> _Brief_
A verbatim repetition of the data below is requested, without images.

───── Source material

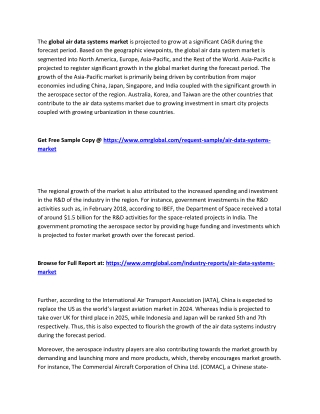 Global Air Data Systems Market  will experience a noticeable growth during the forecast period 2020-2026: Orion Market R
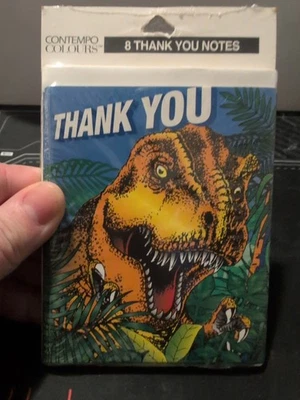 Dinosaur Themed Party/ Birthday  Thank You Cards Contempo Colours 8 Pack New  - Image 1 of 2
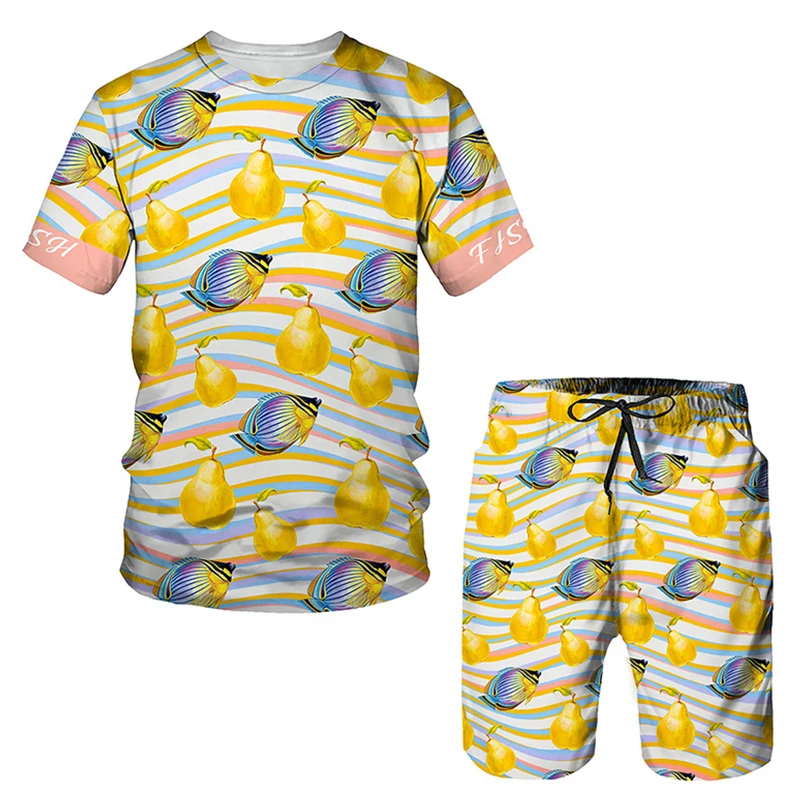 

Fruits Are Covered with 3D Printing T-shirt Short Pants Suit Summer Unisex Couple Shirt Sports Two-piece Large Size Quick-drying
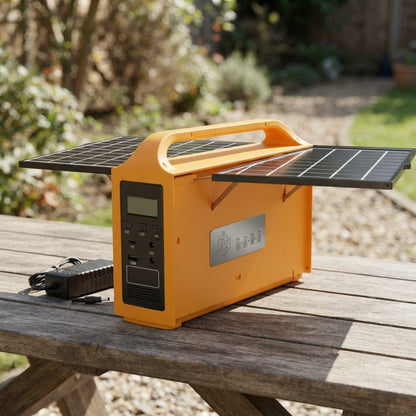 Portable solar power bank on bare rock at a campsite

──────────

> _Response to the exercise_
 Global Air Data Systems Market  will experience a noticeable growth during the forecast period 2020-2026: Orion Market R
 Dinosaur Themed Party/ Birthday  Thank You Cards Contempo Colours 8 Pack New  - Image 1 of 2

Fruits Are Covered with 3D Printing T-shirt Short Pants Suit Summer Unisex Couple Shirt Sports Two-piece Large Size Quick-drying
 Portable solar power bank on bare rock at a campsite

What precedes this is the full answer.